Muhalefet AK Parti gibi büyük halk desteğine sahip bir iktidarla nasıl mücadele edebileceğini bilmiyor. Halkın kendisiyle özdeşleştirdiği ve yaptığı hizmetlerle göz dolduran bir partiyle nasıl baş edileceğini kestiremiyor. Bu yüzden de geçmişin hep kaybettiren klasik taktiklerine sarılıyor.

AK Parti 12 yılda sürekli büyüdüyse bunda kendi başarısı kadar muhalefetin başarısızlığı ve kendisine cephe açan odakların yanlış hamleleri de etkili oldu.

Yok etmeye dönük saldırılar AK Parti’yi tam tersine daha da büyüttü. Kirli ilişkiler, ilkesiz ittifaklar, her yolü mübah gören anlayışlar AK Parti’nin gücünü zayıflatamadı. 30 Mart’tan önce yaşananlar bunun çok açık bir örneğiydi. Muhalefet bundan ders çıkarmamış gibi aynı ittifakları, aynı kirli ilişkileri, aynı yanlış yöntemleri sürdürüyor.

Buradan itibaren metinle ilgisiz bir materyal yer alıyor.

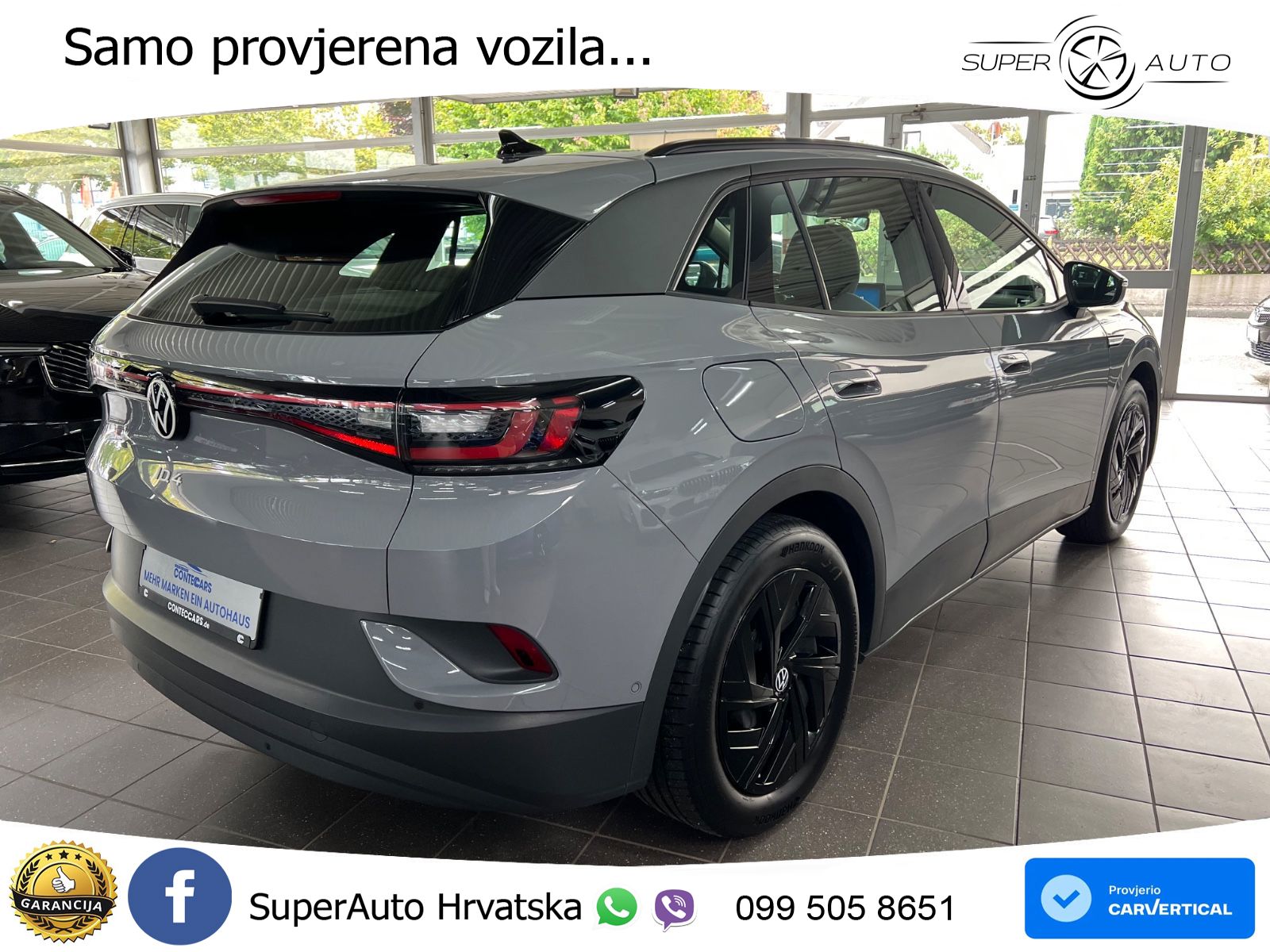 Volkswagen ID.4 Pro Performance 82 kWh (204 KS)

CHP ve MHP’nin ilk yarısı 30 Mart’ta neticelenen ve ikinci yarısı 10 Ağustos’ta oynanacak olan kaybet-kaybet oyununu devam ettirmesi belki anlaşılabilir. Bütün varlığını rakibini yok etmek üzerine kuran bir anlayış harakiri yapmakta serbesttir. Benim anlamadığım ise HDP’nin tutumu...

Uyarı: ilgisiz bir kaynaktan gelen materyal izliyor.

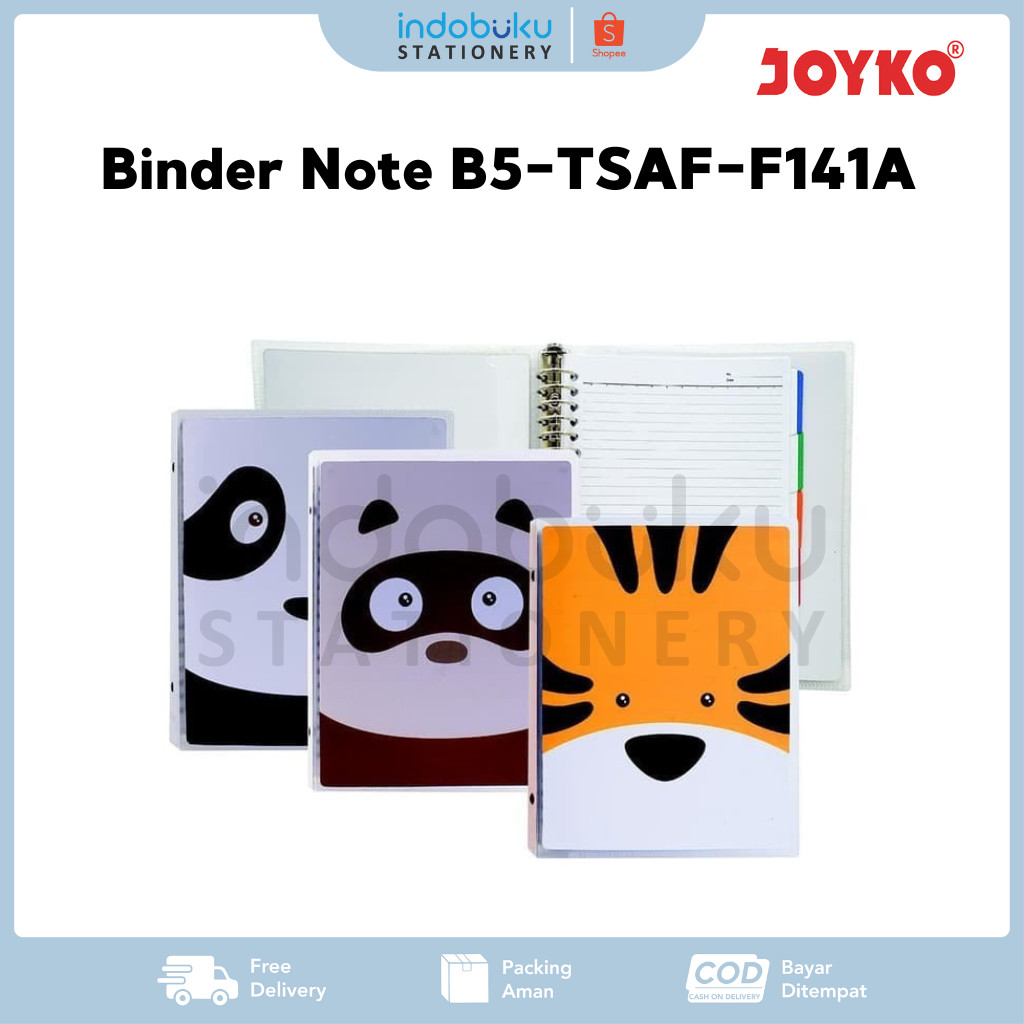 

Binder Note Joyko B5 / Ukuran besar B5-TSAF-F141A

BDP, Gezi olaylarıyla başlayan 17 Aralık’la devam eden hükümet karşıtı hareketlerin içine tam anlamıyla girmeyerek kendisi açısından doğru bir şey yapmıştı. Çünkü hükümete yönelik tahammülsüzlüğün önemli bir sebebini çözüm süreci oluşturuyor ve eğer BDP bu oyuna alet olsaydı celladıyla iş tutmuş olacaktı.

Gelinen noktada Başbakan Erdoğan’ın Cumhurbaşkanı seçilmesini engelleme çalışan ‘statüko bloğu’ HDP’yi de saflarına çekmeye çalışıyor. Demirtaş’ın merkez medya tarafından pompalanması, HDP’nin hiç yer bulamadığı kadar medya desteği görmesi bu oyunun bir parçası. HDP aşkı, Erdoğan karşıtı cephe için sadece taktik bir hamle...

Kendi piar’ını yapmak adına bu ilişkiyi kabullenmiş görünen Demirtaş statükonun kayığına binerek yanlış sulara yelken açmış durumda.